Pour le grand public, les packages tridimensionnels restent encore timides, réservés à des produits très haut de gamme, comme la HBM sur les Fury et VEGA nécessitant un interposer, ou plus récemment sur la plateforme Lakefield (connu également sous le nom de Foveros) présentée à l’Architecture Day et au CES.

Foveros, ou comment coller des dies ensemble

Commençons par clarifier la chose : le terme 3D peut être trompeur : par exemple, les transistors FinFET possèdent déjà une structure tridimensionnelle – c’est justement ce qui permet d’atteindre des finesses nommées « 10nm » ou « 7nm », ce qui correspondrait à la taille de gravure nécessaire pour atteindre une densité équivalente sur des transistors planaires. Fort heureusement, le marketing n’est pas passé par là, et les CPU FinFET sont bel et bien 2D. Pour monter dans la troisième dimension, il n’y a pas 50 solutions : empiler des couches (comme sur Foveros, mais aussi sur certains FPGA par exemple), cas dans lequel on se retrouve avec une structure « 2,5 D ». Cela signifie simplement que la troisième dimension est segmentée, et donc que le design se fait sous très fortes contraintes sur cette dimension-là.

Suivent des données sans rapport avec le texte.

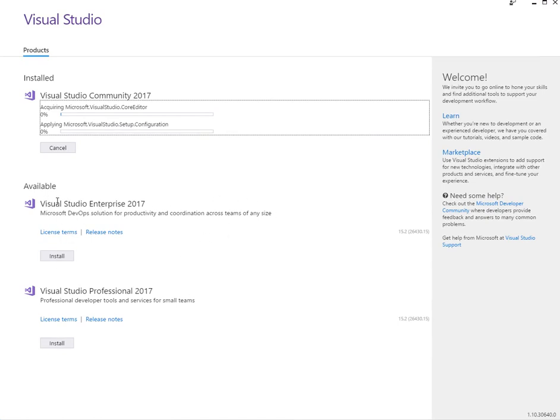As you can see, you've got Enterprise and Professional. We're just using the Community 2017, which is a free version. This is going to take probably 40 minutes or more to download and install. And then we'll take it from there.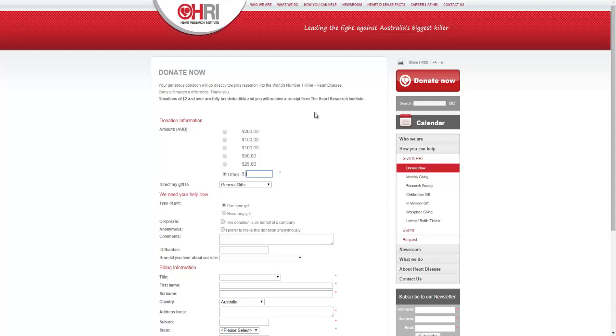I'll end the video here, don't want to be dragging on too long. But yes, you know I'm going to be donating $25 every single month for the foreseeable future to the Heart Research Institute. Hopefully you guys can too and I'll see you guys next time.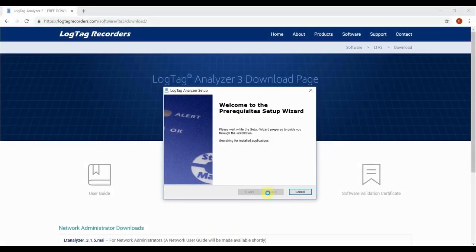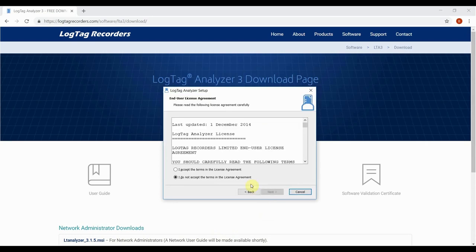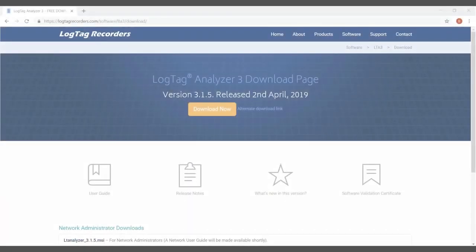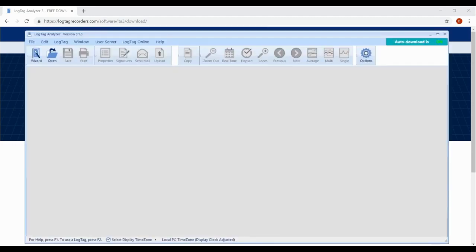Once downloaded, install the software by following the on-screen instructions, then open the software by clicking on the shortcut on your desktop or from the start menu.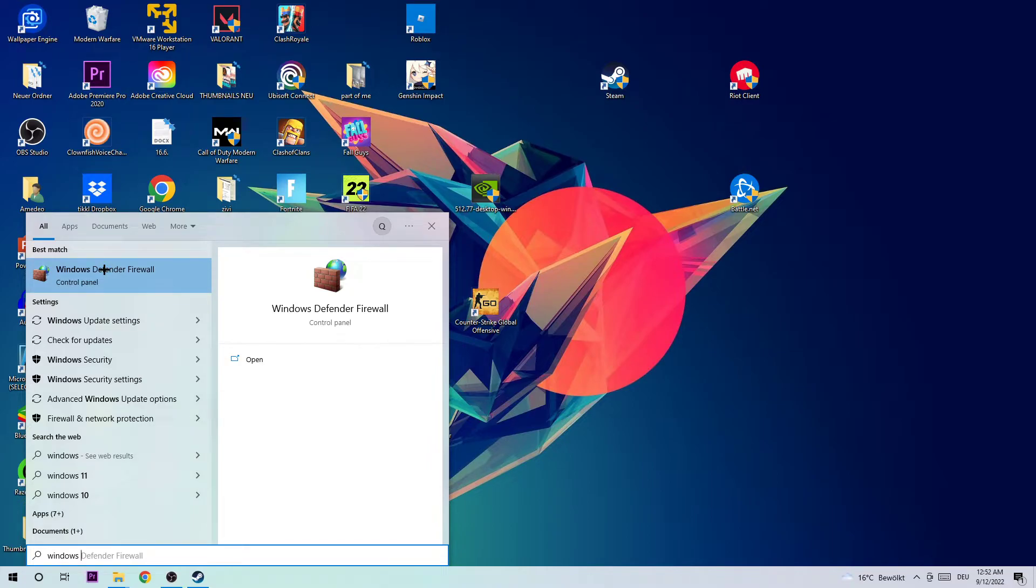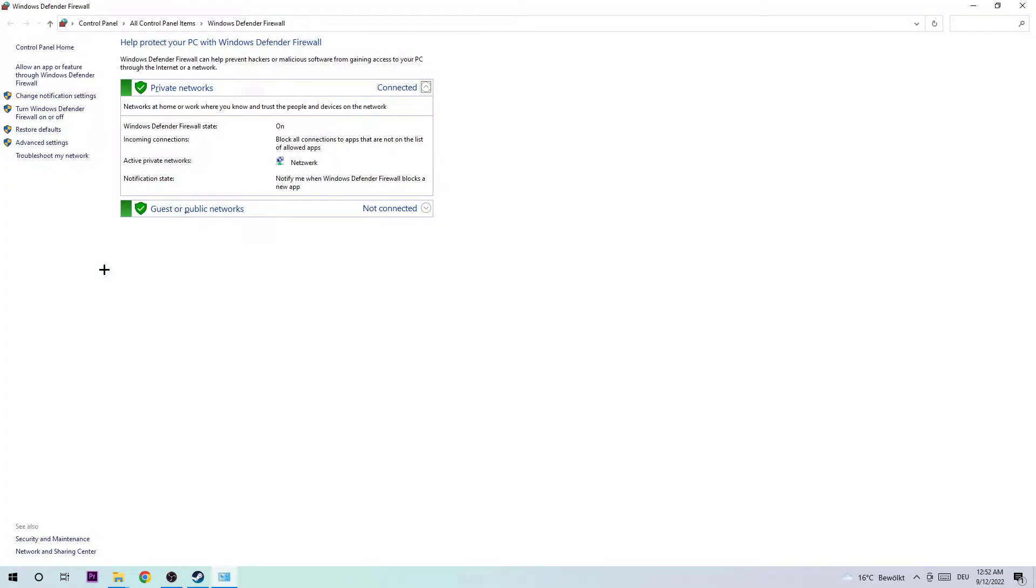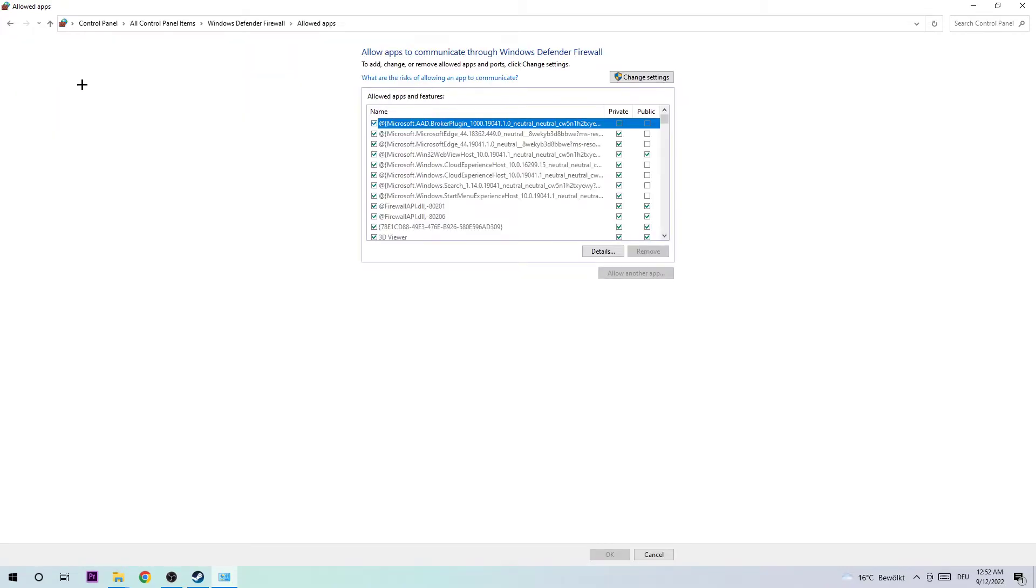You can simply left-click it or use your Enter key to open it up. Once this tab pops up, navigate to the top left corner of your screen and click on the second link where it says 'Allow another app or feature through the Windows Defender Firewall.' Simply left-click that and click on Change Settings.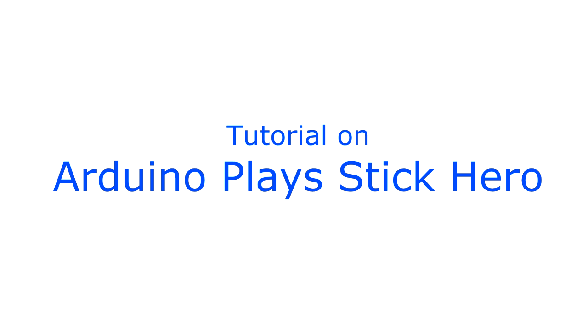In this video we are going to build a circuit using Arduino that can play the game Stick Hero. First let us look at the demonstration of the project.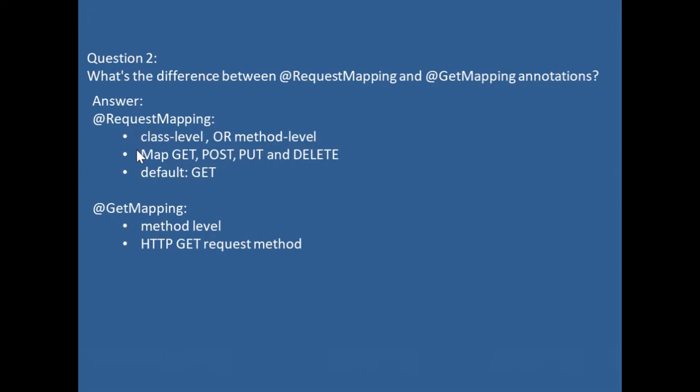@RequestMapping can map GET, POST, PUT, and DELETE. @GetMapping can only map to GET method, and @RequestMapping the default is GET.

Pour cela, plusieurs solution : il est possible de poser des substrats sur un interposer, ou directement de coller plusieurs gravures les unes au-dessus des autres, méthode en préparation chez certains fondeurs. La HBM en est un parfait exemple : chaque couche est indépendante, la communication ne s’effectuant que par des TSV (Through-Silicon-Via). Cependant, de nouvelles technologies ont permis des avancées significatives pour la réalisation de puces 3D, ouvrant la porte à de nouveaux designs pour un futur proche, citons par exemple les « cubes de SRAM » chez GlobalFoundries.

Des gaufres 3D, un régal pour nos PC ?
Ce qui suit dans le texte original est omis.